[EL] Civic Courage, Indeed

Bill Maurer wmaurer at ij.org
Mon Nov 18 08:15:35 PST 2013


I actually had a more fundamental question.  If I'm reading that story correctly, under Wisconsin law, the subject of the investigation cannot publicly discuss the subpoenas served upon him or her.  I've heard of grand jury testimony being secret, but a restriction on the ability of the subject of an investigation to make public statements seems unusual.  I fully admit to knowing nothing of criminal law.  Is this usual?  And how can it be constitutional?

Bill

From: law-election-bounces at department-lists.uci.edu [mailto:law-election-bounces at department-lists.uci.edu] On Behalf Of Mark Schmitt
Sent: Monday, November 18, 2013 7:33 AM
To: law-election at uci.edu
Subject: Re: [EL] Civic Courage, Indeed

OK, I'll bite. What does disclosure have to do with this story? It appears that a Wisconsin prosecutor has reason to think that some Wisconsin law was broken, and has subpoenaed a lot of information. That's what prosecutors do -- they subpoena information that otherwise would be private. And defense attorneys contest subpoenas, and hearings and sometimes trials or settlements ensue.
Did these groups violate Wisconsin law? I don't know, and I don't think you know or the unnamed Wall Street Journal writer knows. There's no doubt that there's plenty of prosecutorial excess -- e.g., the Ted Stevens case -- but that's a very different issue than disclosure.

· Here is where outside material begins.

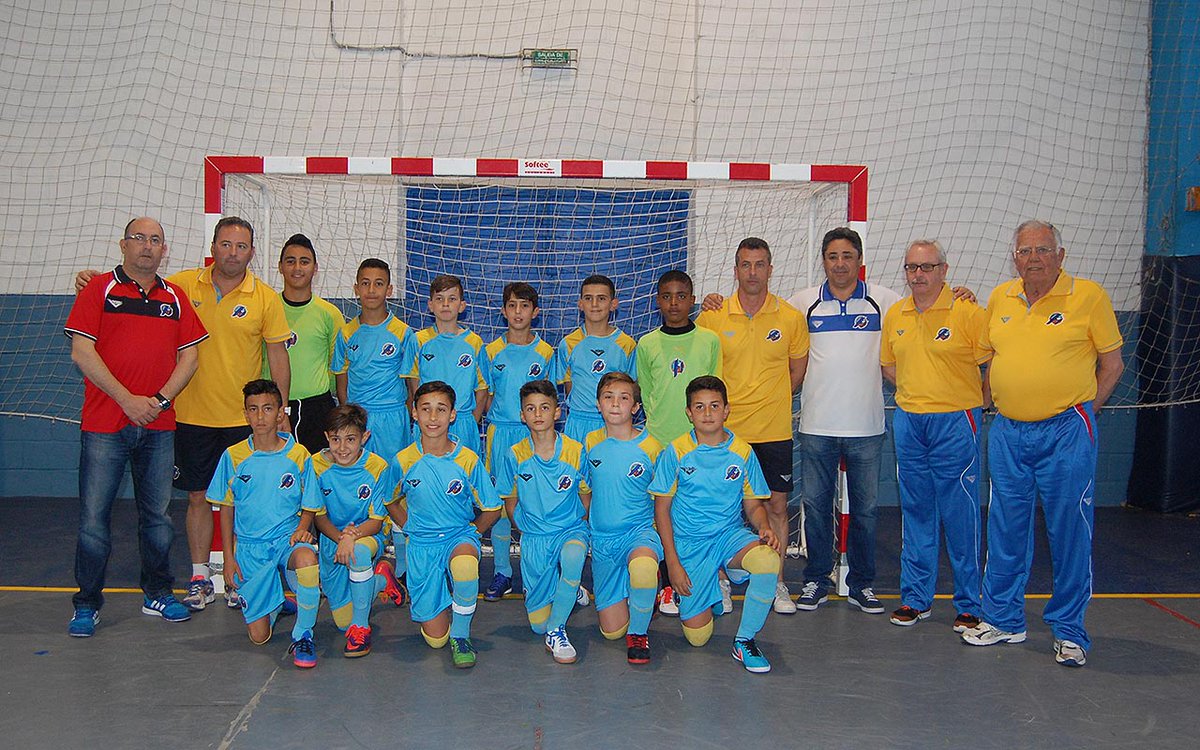 Los alevines vencen a Cantabria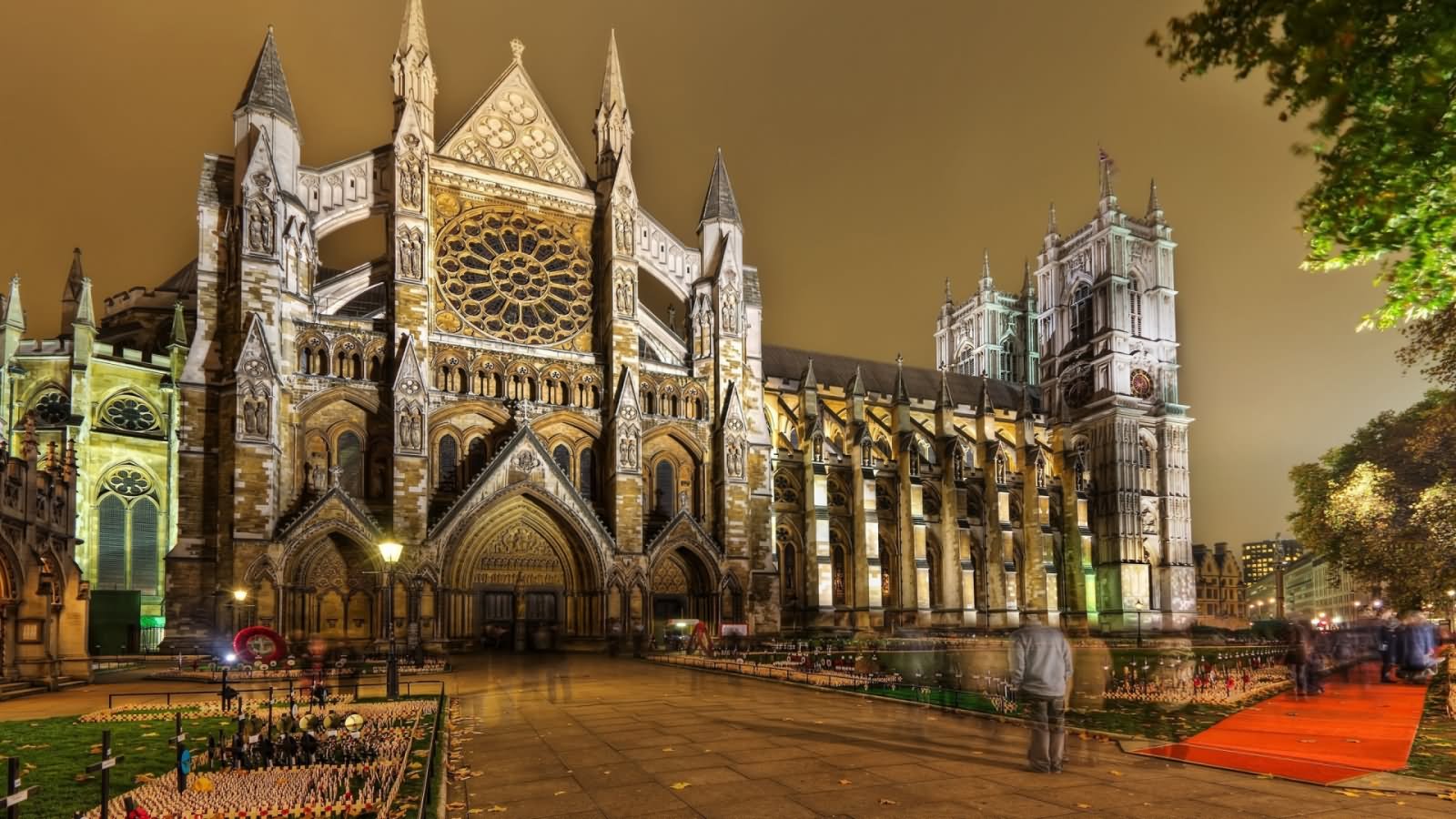 Amazing Night View Of The Westminster Abbey, London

On Sun, Nov 17, 2013 at 10:29 AM, Steve Hoersting <hoersting at gmail.com<mailto:hoersting at gmail.com>> wrote:
http://online.wsj.com/news/articles/SB10001424052702304799404579155953286552832

Can we yet stop calling it the "informational interest" in disclosure, and start calling it the "retributional interest," as is rightly deserved?

And if ever there were reason to reconsider Buckley's in-kind contribution / independent expenditure line, this is it.

Welcome to your brave new world, members of the left. May it never come back on you. (Though, if you've been reading the papers lately, and closely enough, you know it already has).